In 10–25% of cases of PRES there is evidence of hemorrhage on neuroimaging. Various types of hemorrhage may occur: hemorrhage into the brain tissue itself (intraparenchymal hemorrhage), sulcal subarachnoid hemorrhage, and microbleeds.

==Treatment==
There is no specific treatment for PRES, other than removing or treating any underlying cause. For instance, immunosuppressive medication may need to be withheld. 40% of all people with PRES are unwell enough to require intensive care unit admission for close observation and treatment of complications. Those with PRES with seizures are treated using standard anticonvulsants used in other seizure disorders as there are no specific medications specific to PRES with seizures. However, in those with PRES due to pre-eclampsia or eclampsia, IV magnesium sulfate is the preferred medication for both seizures and hypertension.

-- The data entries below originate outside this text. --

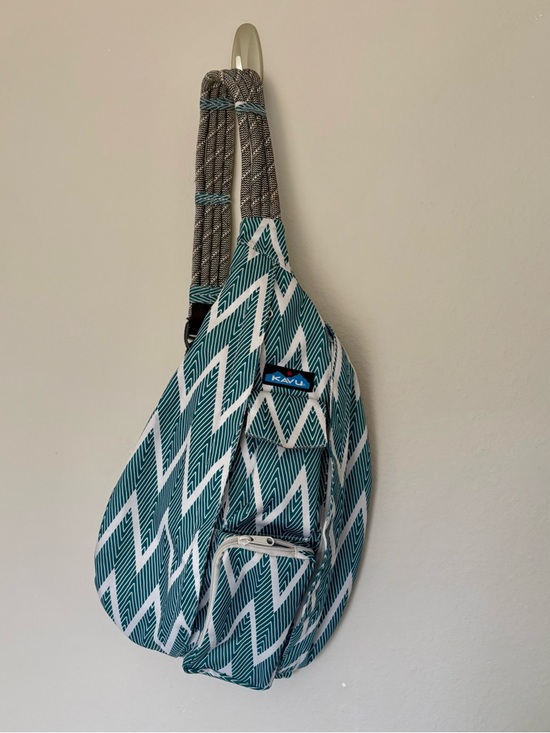 Kavu Handbags - Kavu Rope Sling Bag Teal Chevron Crossbody Travel Festival Casual OS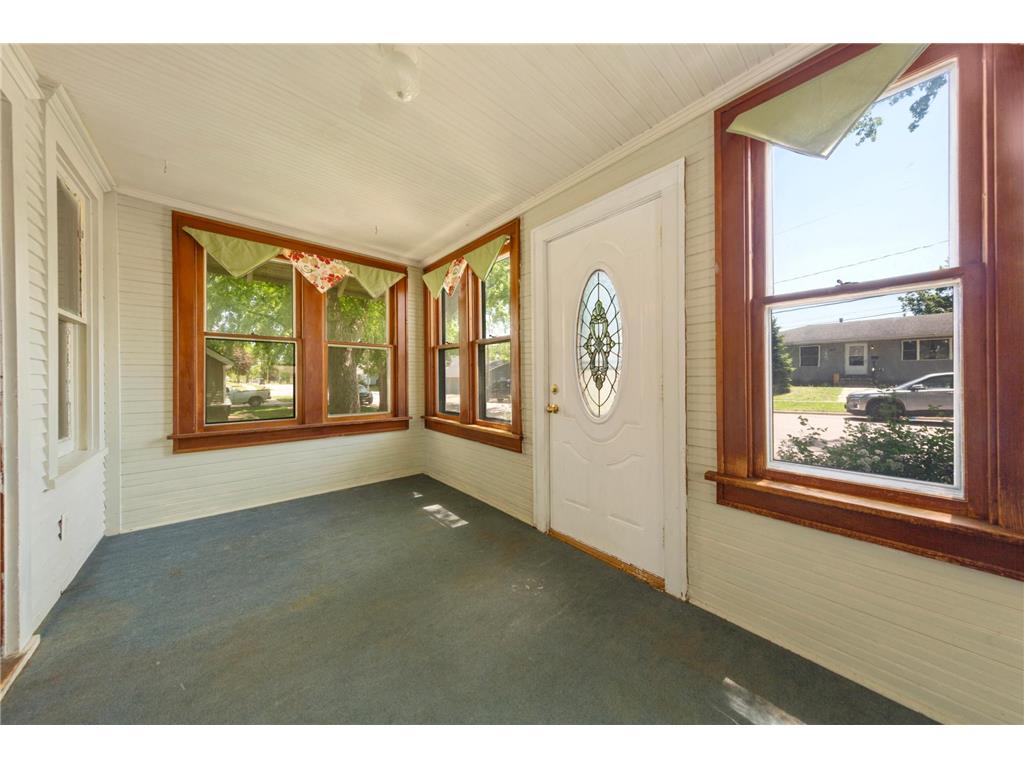 420 Main Street W Waterville MN 56096 7058873 image3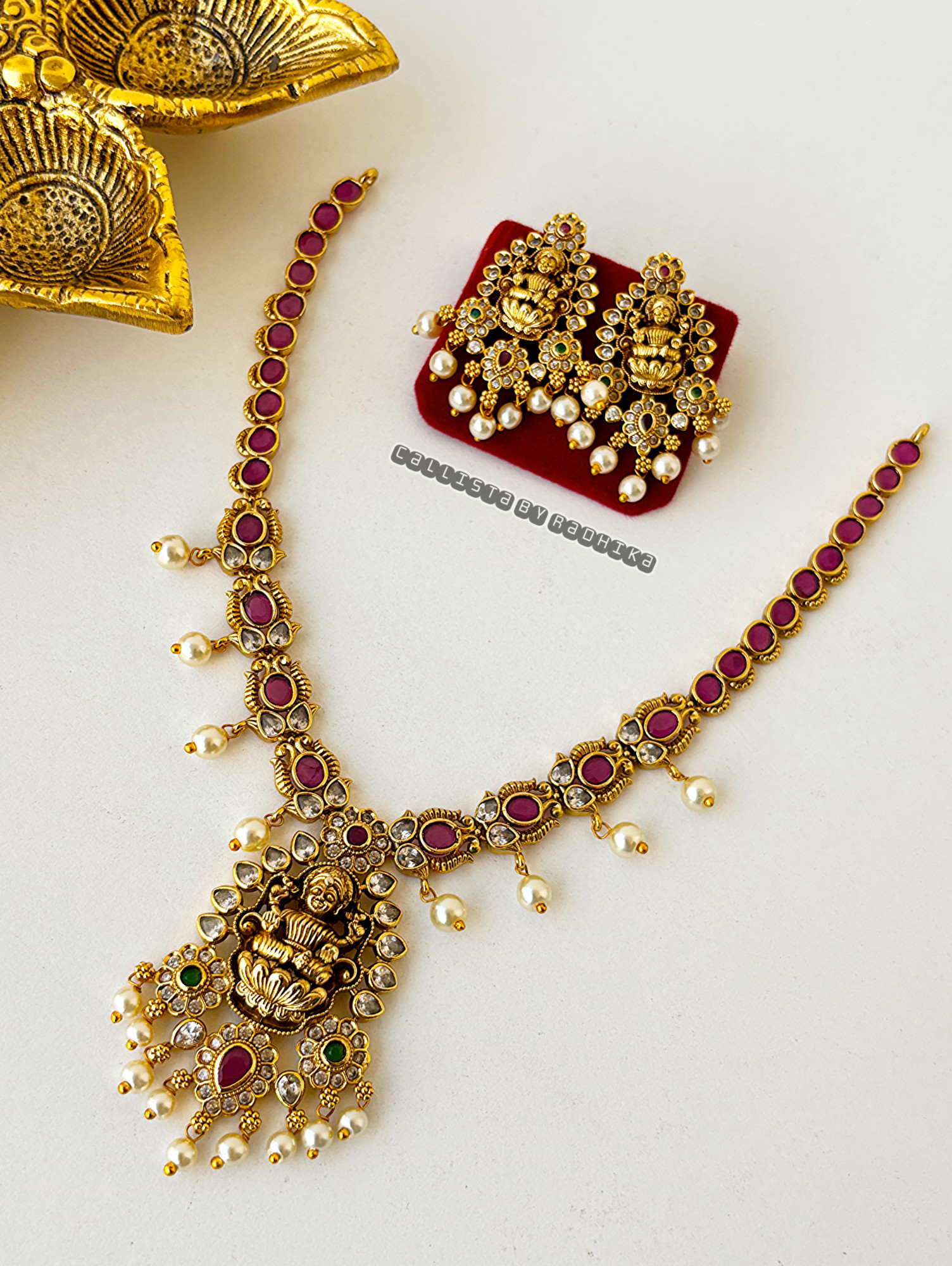 Gold Polish/Temple Long Neckpiece(GP-056)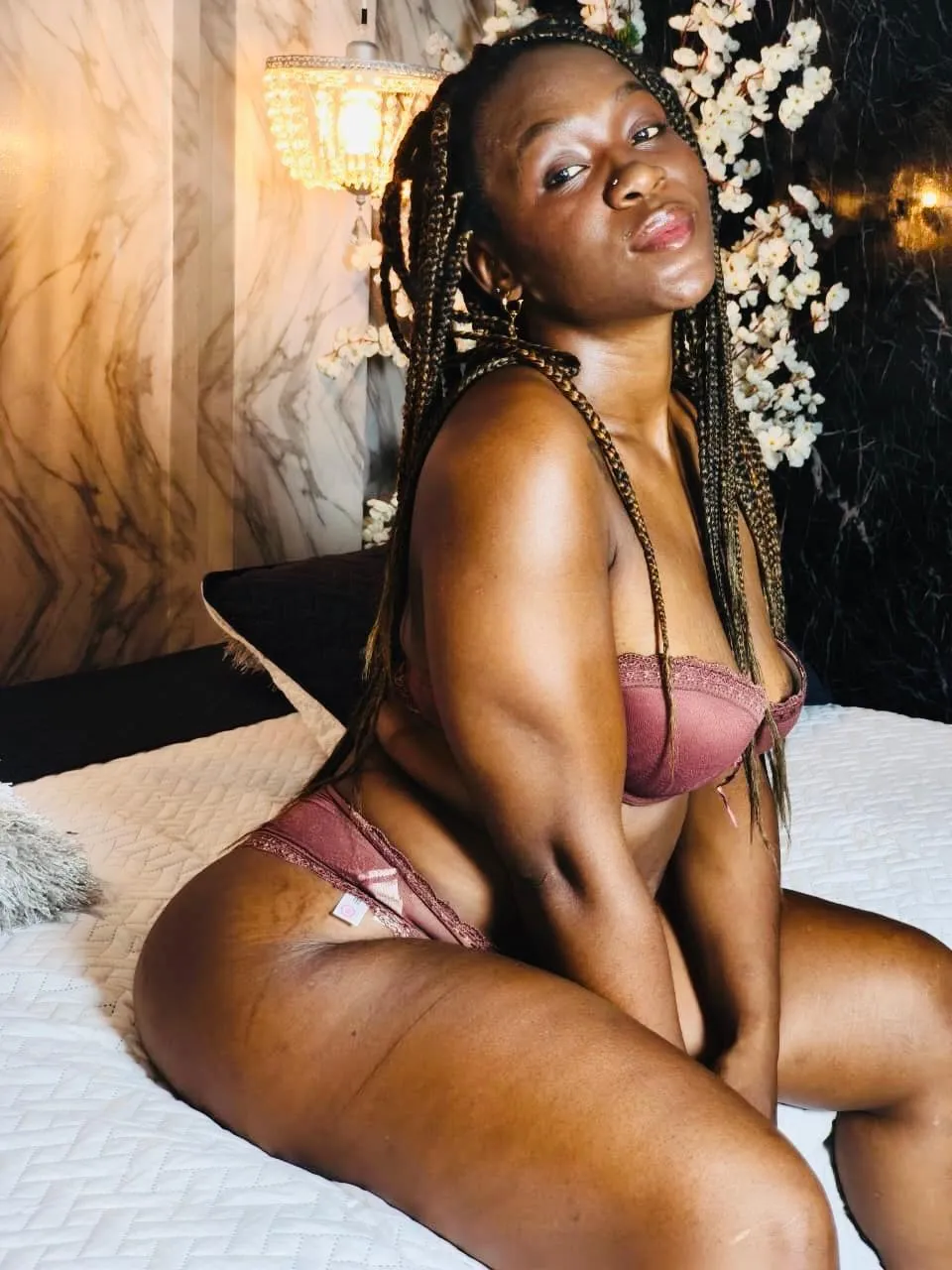 Performer sexy_broown Photo 8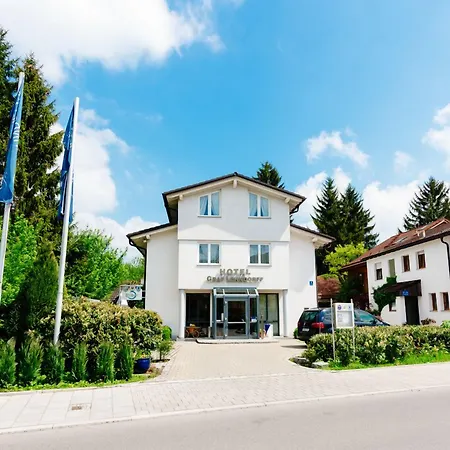 Graf Lehndorff Zur Messe 3*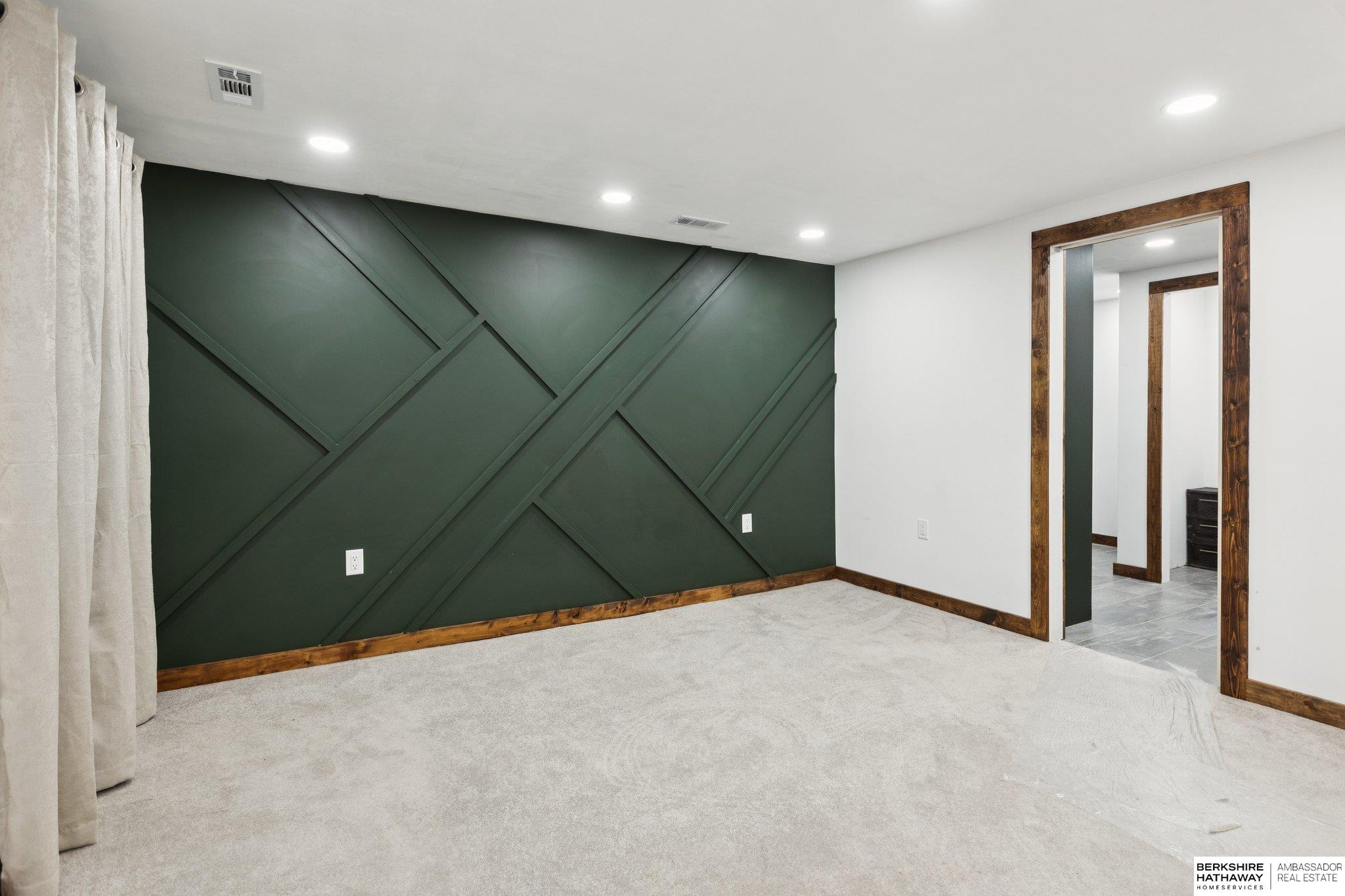 Tekamah, Nebraska 68061, United States, 3 Bedrooms Bedrooms, ,2 BathroomsBathrooms,Residential,Active,223699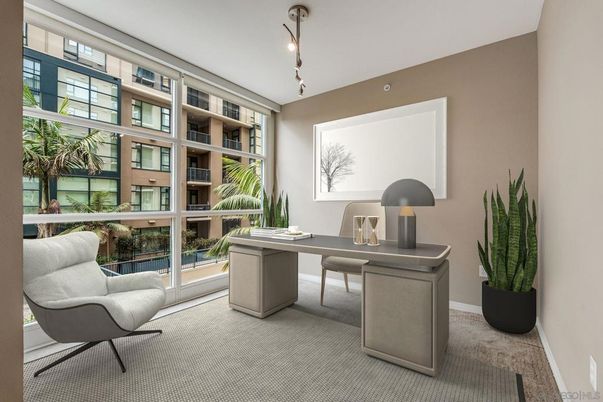 Home Office, Interior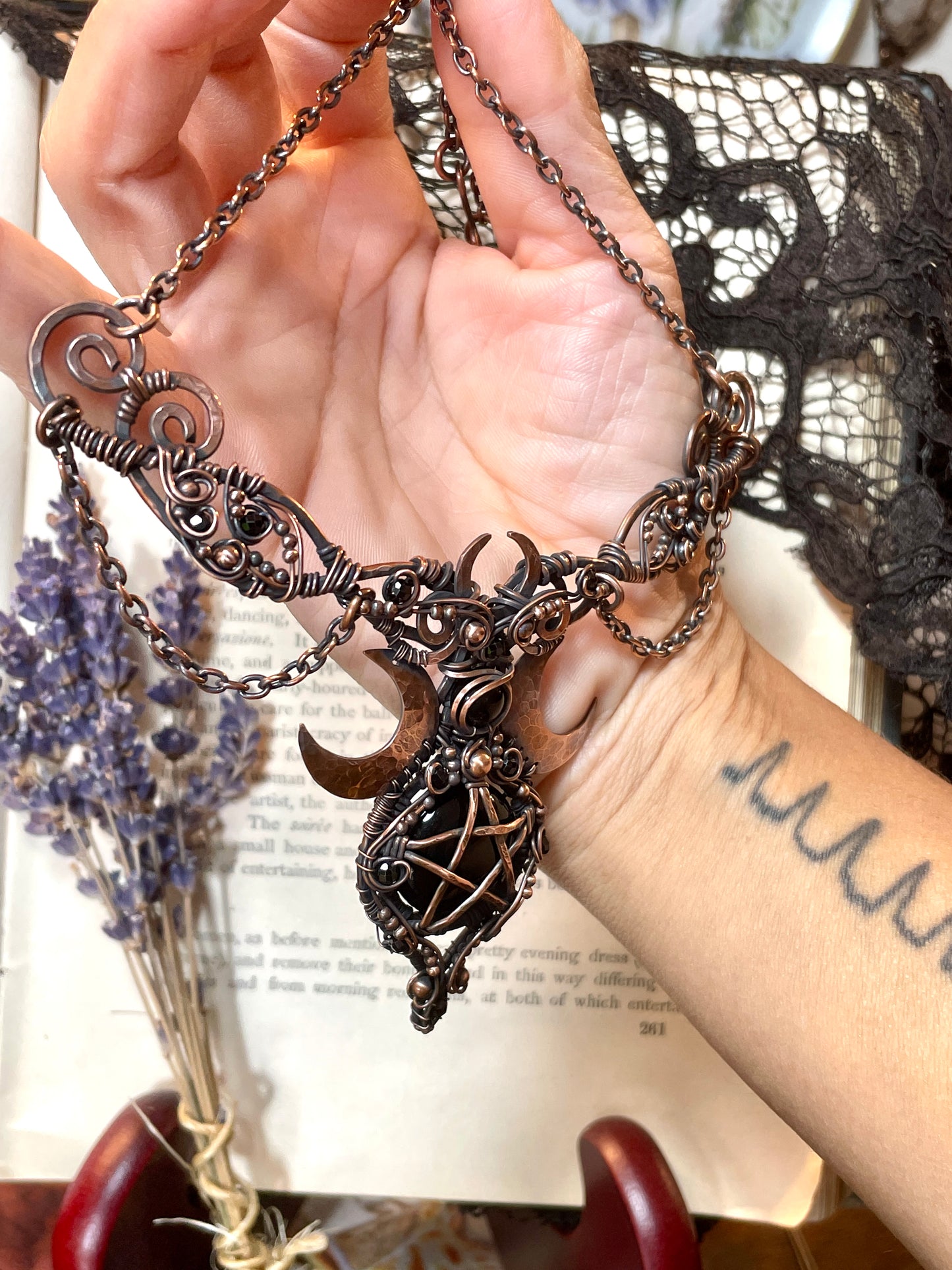 Onyx Lunar Pentacle Collar in Copper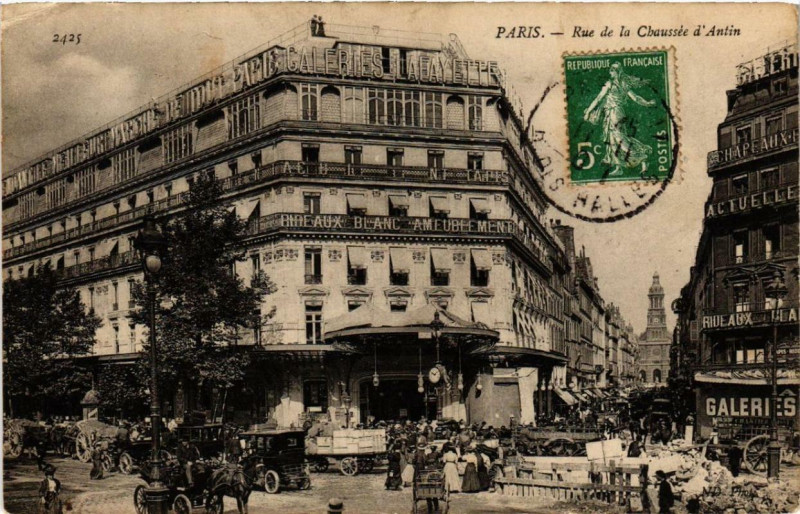 Carte postale ancienne Paris 9e Rue de la Chausse-d'Antin à Paris 9e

There are no universally accepted blood pressure lowering goals in those with PRES and hypertension, however, if there is a hypertensive emergency, the blood pressure may lowered quickly, but not less than 25% within the first hour with the goal of blood pressure normalization within 24 to 48 hours. There are no blood pressure lowering agents that are specifically used in PRES with hypertension, but commonly used agents include the intravenous medications nicardipine, clevidipine or labetalol which are fast acting, quickly adjustable, and can be given using continuous infusion with close monitoring. Of the blood pressure lowering agents available, nitrates may need to be avoided as there is a concern that this may aggravate the PRES even while lowering the blood pressure.

==Prognosis==
With adequate treatment, 70-90% of people with PRES make a full recovery within hours to days. 8–17% of people with PRES die, although this is not always a direct consequence of the PRES. Of those who have residual symptoms after PRES, this is attributable largely to hemorrhage. Non-resolution of MRI abnormalities has been linked with poorer outcomes. The presence of brain hemorrhage and cytotoxic edema (brain edema with concomittant brain tissue damage) is also associated with a poor prognosis. If PRES was caused by pre-eclampsia or eclampsia the prognosis is better than in PRES due to other causes.

Factors that predict poorer prognosis are the person's age, the level of C-reactive protein in the blood (a marker of inflammation), altered mental state at the time of diagnosis, and altered markers of coagulation. People with diabetes may have a worse outcome, and abnormalities in the corpus callosum on MRI have been linked with worse prognosis. Some patterns on electroencephalography (EEG) are also associated with a poorer outcome.

After an episode of PRES, even when it was associated with seizure activity, only a small proportion of people remain at risk of ongoing seizures and the majority can eventually discontinue anticonvulsant treatment. Approximately 3% of those with PRES will develop late, recurrent seizures with 1% developing a chronic seizure disorder (epilepsy).

==Epidemiology==
The incidence (number of cases per year) of PRES is not known, but increasing use of MRI scans has led to increased recognition. The incidence of PRES in certain subgroups has been estimated to be approximately 0.8% in those with end stage renal disease, 0.7% in those with SLE, and 0.5% in those with a solid organ transplant. In select single center retrospective cohort studies, the incidence of PRES on neuroimaging in those with eclampsia was between 75 and 98%, with a much smaller incidence of PRES seen in those with pre-eclampsia. Younger age at pregnancy (median age 23 in one study), presence of eclampsia, and primigravida (having a first pregnancy) are all associated with a greater risk of PRES in pregnant people.

==History==
PRES was first described in 1996 in a group of 15 patients identified retrospectively in the records of the New England Medical Center in Boston and Hôpital Sainte Anne in Paris. The name was revised in 2000 from "leukencephalopathy" to "encephalopathy" as the former suggested that it only affects the white matter of the brain, which is not the case.